Don’t purchase I Never Had It Made, Jackie Robinson’s autobiography, expecting to read a lot about baseball. He’s retired before we’re halfway in. The 1955 Brooklyn Dodgers are given less than a page. I understand he wants to be known as more than just a ballplayer, but, let’s face it, working at Chock Full O'Nuts isn’t exactly why Jackie Robinson is an important figure in American history.

And where’s the famous fire? Recounting the race-baiting from the dugout of the 1947 Philadelphia Phillies, which included racial epithets, black cats thrown onto the field, and the Phillies players leveling their bats at Jackie and making machine gun noises, Jackie comments thus: “It was an incredibly childish display of bad will.” That same year, Dodgers pitcher Hugh Casey, losing a poker game, said to Jackie, “‘You know what I used to do down in Georgia when I ran into bad luck?.... I used to go out and find me the biggest, blackest nigger woman I could find and rub her teats to change my luck.’” The reader expects an explosion but it’s as if Jackie, the writer, is still trapped in 1947, and turns the other cheek. “I don't believe there was a man in that game, including me, who thought that I could take that,” Jackie writes. “Finally, I made myself turn to the dealer and told him to deal the cards.” Really? That’s it? What was your relationship like with your teammate after that? How could you play on the same team? Did you seethe watching him pitch? Anything?

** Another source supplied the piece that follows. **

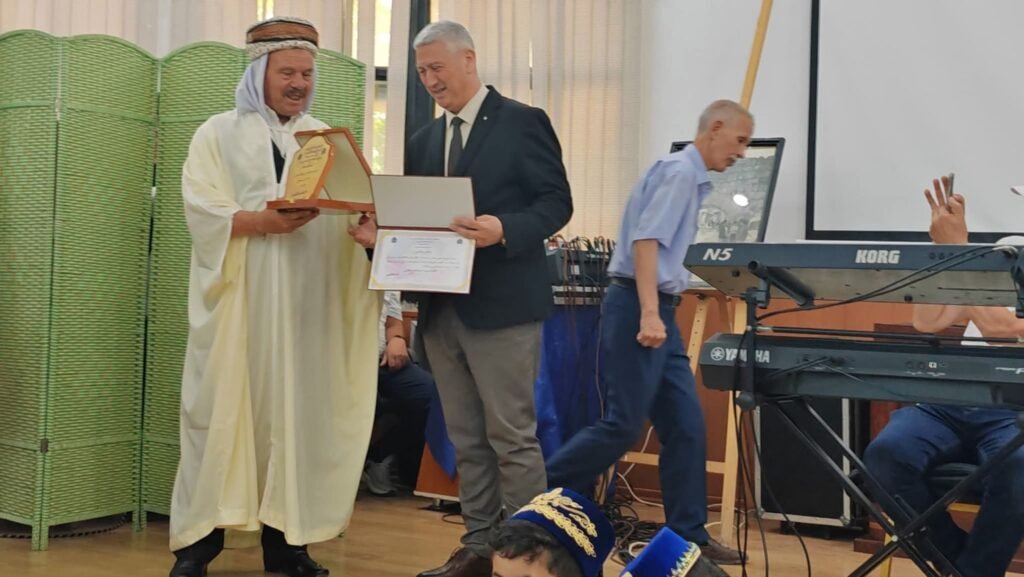 fb_img_17819815526125580546886603521382-1024x577 اليوم الوطني للفنان بميلة.. احتفاء بالإبداع وتكريم لمسيرة العطاء الثقافي والفني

Not only is little said about his baseball life, but little is said about how his baseball life affected African Americans. Maybe he worried such a chapter would seem self-serving.

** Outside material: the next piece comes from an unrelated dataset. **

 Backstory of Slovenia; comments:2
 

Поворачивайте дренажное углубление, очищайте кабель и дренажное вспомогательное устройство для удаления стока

Instead we get advertisements for Chock Full O’ Nuts:

Soon Bill Black was in the restaurant business offering a limited number of rapidly prepared items at reasonable prices and with swift and polite service.

We get press releases for politicians:

The Nelson Rockefeller personal charm and charisma had now become legendary.

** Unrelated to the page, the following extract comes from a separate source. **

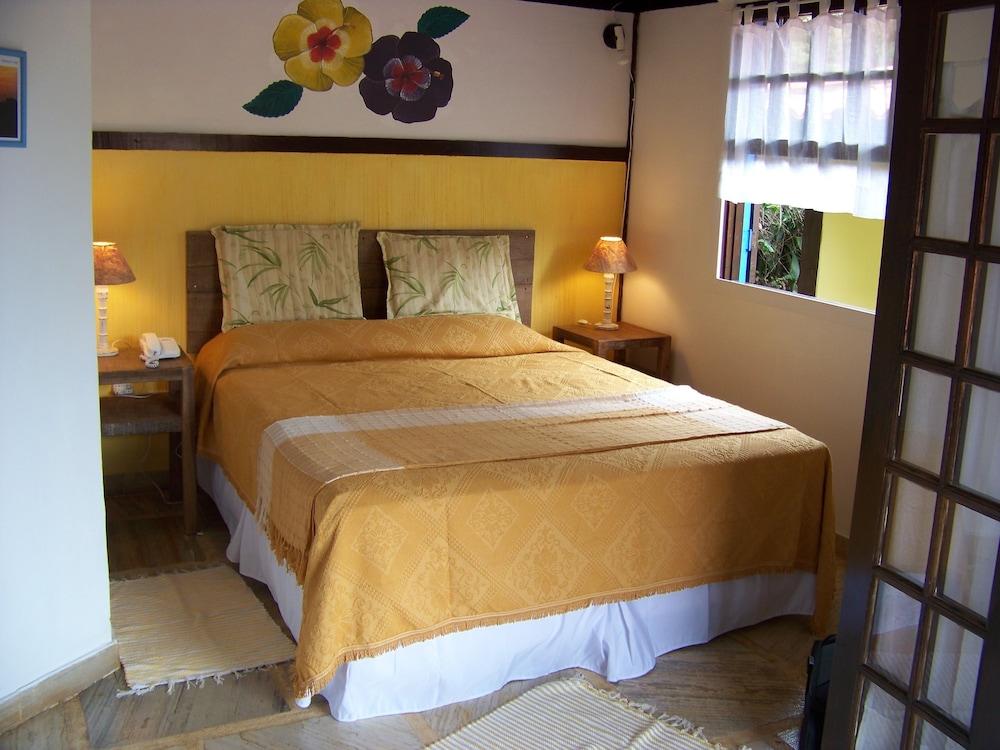 Fotos del hotel - Hibiscus Beach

We get the ibourgeois existence of Jackie and Rachel Robinson. They buy a house in Connecticut. Their children have problems with fame and drugs. Rachel, trying to establish her own identity, denies that she's married to Jackie Robinson, which so worries her she consults a psychologist.

For the most part Jackie seems to be justifying his post-baseball actions. Why did he support Nixon in 1960? Why did he support Nelson Rockefeller? How can he live in Connecticut? Wasn't he involved in a takeover at Freedom Bank?

Perhaps this is why the book seems unfairly weighted towards his post-baseball life. His baseball life needs no such justification.